Assolutamente sì. Ed è paradossale che dopo il massacro indiscriminato del 7 ottobre Israele sia passata dalla parte del torto. Probabile che Hamas lo avesse messo in conto, perché questo è il tipo di reazione che Israele ha in situazioni simili: si affida alla violenza. Ad essa segue un periodo di pseudo-stabilità, poi succede qualcosa di eclatante che riporta tutto indietro. La situazione al confine con l’Egitto potrebbe non essere più di pace e non so se Israele abbia presente quali responsabilità comporterà governare la Striscia. Sharon, uno dei falchi della destra israeliana, si era liberato di Gaza. Adesso che Netanyahu dovrà prenderla in carico, perché dubito che altri Paesi o la comunità internazionale vogliano farlo, la situazione è diventata ingestibile: parliamo di fame, malattie, infrastrutture inesistenti. Tutto questo ricadrà come responsabilità su Israele.

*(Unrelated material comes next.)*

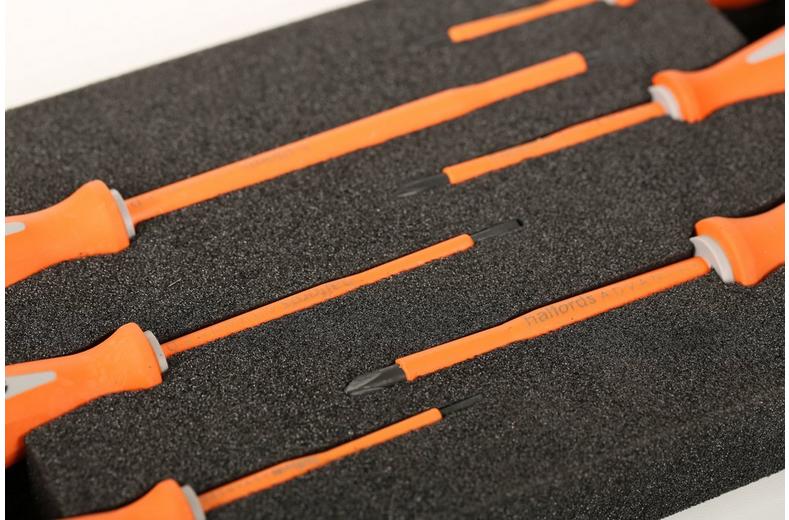 Halfords Advanced EV 1000V Insulated 6 Piece Screwdriver Set Halfords Advanced EV 1000V Insulated 6 Piece Screwdriver Set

Israele deve fare i conti con la situazione interna: qui troviamo 900 famiglie che chiedono di non far combattere i loro figli a Rafah, ma anche ministri che parlano di insediamenti a Gaza, estremisti che portano la bandiera israeliana alla moschea di Al Aqsa e altri che bloccano gli aiuti umanitari per la Striscia. Il Paese è sempre più spaccato?

È un aspetto ulteriore della trappola in cui è caduta Israele. Il 7 ottobre aveva probabilmente come ulteriore obiettivo quello di estremizzare ancora di più la società israeliana. Per questo preoccupa quello che stanno facendo i coloni in Cisgiordania: il secondo fronte di cui dovrà occuparsi Israele sarà probabilmente proprio questo.